Больше и он ничего не говорил, и я ничего не говорил. Да и смысла никакого не было разговаривать: уж если он что решил, так поставит на своём. Я только не мог понять, какая ему охота соваться в это дело, но не стал с ним спорить, даже и не поминал про это больше. Сам лезет на рожон, так что ж я тут могу поделать!
Когда мы вернулись, во всём доме было темно и тихо, и мы прошли в конец двора – обследовать хибарку рядом с кучей золы. Мы обошли весь двор кругом, чтобы посмотреть, как будут вести себя собаки. Они нас узнали и лаяли не больше, чем обыкновенно лают деревенские собаки, заслышав ночью прохожего. Добравшись до хибарки, мы осмотрели её спереди и с боков – и с того боку, которого я ещё не видел, на северной стороне, нашли квадратное окошечко, довольно высоко от земли, забитое одной крепкой доской.
Я сказал:
– Вот и хорошо! Дыра довольно большая, Джим в неё пролезет, надо только оторвать доску.
Том говорит:
– Ну, это так же просто, как дважды два четыре, и так же легко, как не учить уроков. По-моему, мы могли бы придумать способ хоть немножко посложней, Гек Финн.

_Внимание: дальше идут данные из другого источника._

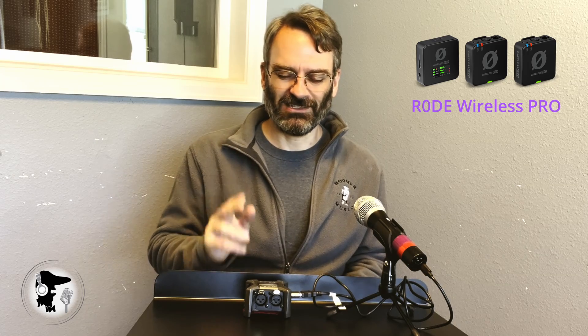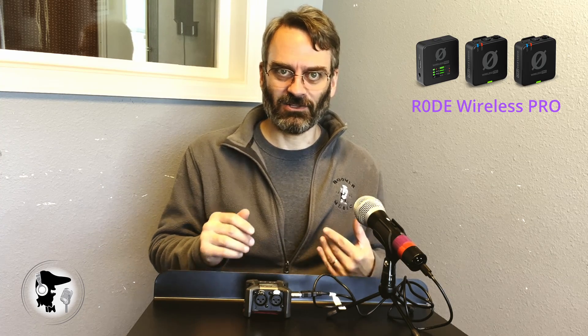I'm actually using the Rode Wireless Pro right now for the sound on this video. It has a 3.5mm input on the transmitters, so any microphone you can get to a 3.5mm — I believe it would need to be a TRS or TS, though I haven't tried it — could work. That unit is made for inputting things like a lavalier mic. So if you're looking for that kind of connectivity in a wireless package, it's a great unit.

– Ну ладно, – говорю. – А если выпилить кусок стены, как я сделал в тот раз, когда меня убили?
– Это ещё на что-нибудь похоже, – говорит он, – это и таинственно, и возни много, и вообще хорошо, только всё-таки можно придумать ещё что-нибудь, чтобы подольше повозиться. Спешить нам некуда, так давай ещё посмотрим.

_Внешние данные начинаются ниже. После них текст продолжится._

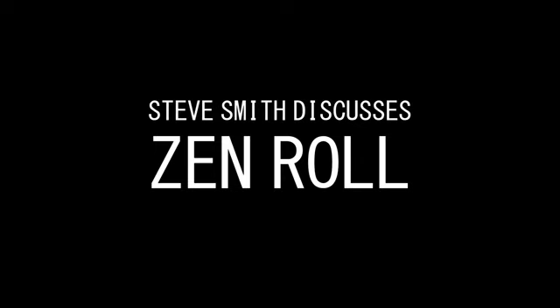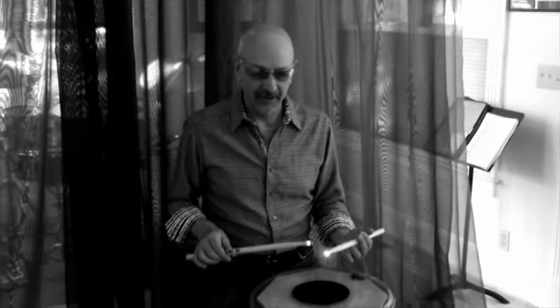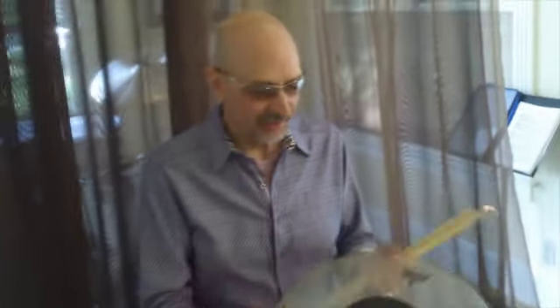Zen roll really is one of my favorite pieces. This is a beautiful shot of me using the Vic Firth light sticks with the red tips, playing on a snare drum that has a Remo black dot head. The image is directly above, so what you see is the camera looking right down on my snare drum.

Между сарайчиком и забором, с задней стороны, стояла пристройка, в вышину доходившая до крыши и сбитая из досок. Она была такой же длины, как и сарайчик, только уже – шириной футов в шесть. Дверь была с южной стороны и заперта на висячий замок. Том пошёл к котлу для варки мыла, поискал там и принёс железную штуку, которой поднимают крышку котла; он взял её и выломал один пробой у двери. Цепь упала, мы отворили дверь, вошли, зажгли спичку и видим, что это только пристройка к сарайчику, а сообщения между ними нет; и пола в сарае тоже нет, и вообще ничего в нём нет, кроме ржавых, никому не нужных мотыг и лопат да сломанного плуга. Спичка погасла, и мы ушли, воткнув пробой на старое место, и с виду дверь была опять как следует заперта. Том обрадовался и говорит:
– Ну, теперь всё хорошо! Мы для него устроим подкоп. Это у нас займёт целую неделю.
После этого мы вернулись домой; я вошёл в дом с чёрного хода – они там дверей не запирали, надо было только потянуть за кожаный ремешок; но для Тома Сойера это было неподходяще: таинственности мало, ему непременно надо было влезать по громоотводу. Раза три он долезал до половины и каждый раз срывался и напоследок чуть не разбил себе голову. Он уж думал, что придётся это дело бросить, а потом отдохнул, решил попробовать ещё раз наудачу – и всё-таки влез.
Утром мы поднялись чуть свет и пошли к негритянским хижинам, чтобы приучить к себе собак и познакомиться поближе с тем негром, который кормил Джима, – если это действительно Джиму носили еду. Негры как раз позавтракали и собирались в поле, а Джимов негр накладывал в миску хлеба, мяса и всякой еды, и в то время, как остальные уходили, из большого дома ему прислали ключ.
У этого негра было добродушное, глуповатое лицо, а волосы он перевязывал нитками в пучки, для того чтобы отвадить ведьм. Он рассказывал, что ведьмы ужасно донимают его по ночам; ему мерещатся всякие чудеса, слышатся всякие слова и звуки, и никогда в жизни с ним ещё не бывало, чтобы надолго Привязалась такая нечисть.
Он разговорился про свои несчастья и до того увлёкся, что совсем позабыл про дело. Том и спрашивает:
– А ты кому несёшь еду? Собак кормить собираешься?
Негр заулыбался, так что улыбка расплылась у него по всему лицу, вроде как бывает, когда запустишь кирпичом в лужу, и говорит:
– Да, мистер Сид, собаку. И занятная же собачка! Не хотите ли поглядеть?
– Хочу.
Я толкнул Тома и шепчу ему:
– Что ж ты, так и пойдёшь к нему днём? Ведь по плану не полагается.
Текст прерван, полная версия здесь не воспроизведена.